Kissing Oranges: Odyssey Magazine - June / July 2006

The paintings of Tertia du Toit are aptly described as an uninhabited outpouring of inspiration, life and creativity. Trough a lyrical focus on the female figure, du Toit evokes a sense of joyous sensuality in life itself. Not cluttered with impenetrable symbolism or unsolved obsessions, her works are a classic invitation to take part in a contemporary joie de vivre. In a visually oversaturated age she has managed to create a unique and liberated style of pictorial expression.
One need not be a detective or Freudian or Jungian analyst, to be aware of a strong element of eroticism in these works. The oranges which the spectator is invited to kiss, are not presented on a plate in isolation, but in the hands of a young, very lively, very beautiful, very inspired and lovable woman, wearing a casual little dress, which by no means conceals more than what is necessary, and wearing, at the same time paradoxically and appropriately - like a goddess of love - a crown made of roses.
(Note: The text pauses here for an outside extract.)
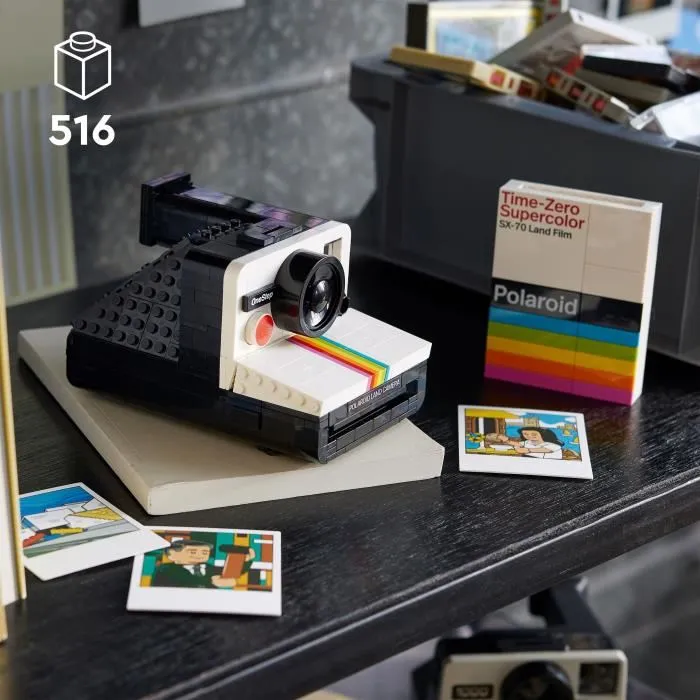 Lego 21345 Ideas Cámara Polaroid OneStep SX-70, Modelo de Construcción para Adultos con Pegatinas 1 Lego 21345 Ideas Cámara Polaroid OneStep SX-70, Modelo de Construcción para Adultos con Pegatinas 1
In a work called 'Grypvrug', an equally attractive naked goddess, part of her body hidden, also offers an orange; in joie de vivre. a whole crowd of beautiful girls, playing with oranges, are portrayed against the background of dress patterns; in 'Hartlemoen' an attractive woman holds a giant heart under her arm; in 'Kolskoot' a winking beauty is holding a giant pumpkin; in 'Peerplesier' the goddess shows a naked breast; and in 'Muskadel' the woman is clothed in nothing but a bunch of grapes in the most strategic places.
On the other hand, it is equally difficult to ignore the religious elements in many of the work.
In 'Dostojefski' a dungaree is depicted together with a crown of thorns; a work portraying Christ is called 'Vitamine Christus'; in 'Johannes' which might or might not refer to the biblical Johan, the model is wearing a heart on his dungarees and many of the woman portrayed are wearing crowns made either of flowers or thorns; in 'Pelgrim' and 'Pilchards' the man with a basket of fish seems to have a definite religious symbolic meaning; a work called 'Groen' is done in the form of green cross; and 'Blou' in the form of a blue cross. A little girl playing with imaginative birds and aeroplanes is called 'Ruth'.
A third element, which might be less obvious, is the immense intensity of light in these works, especially where oranges are depicted - the intense sunlight is both life-giving and reminds us in a paradoxical way of a certain time of day, and thus of time itself and the transitory nature of our lives on earth.
Because of the intense shadows might, for whose who see them, be a reminder of death, and also a completion of the circle of life and death on earth.
From a more traditional Christian point of view, these fruity goddesses of love and fertility may be irreconcilable with the often sexless and ascetic Christian tradition.
The artist finds the reconciliation for these apparent contradictions in the Bible itself, in her works from the Song of Solomon, as well as in a children's drawing of naked Eve swinging in a tree on what seems to be part of the body of a snake.
But even if these reconciliations did not exist in the Bible, the artist would have been able to provide them, with her uninhibited outpouring of inspiration, life, health, energy, creativity and above all, love.
Which is, after all, the best thing any artist or saint could bring into the world.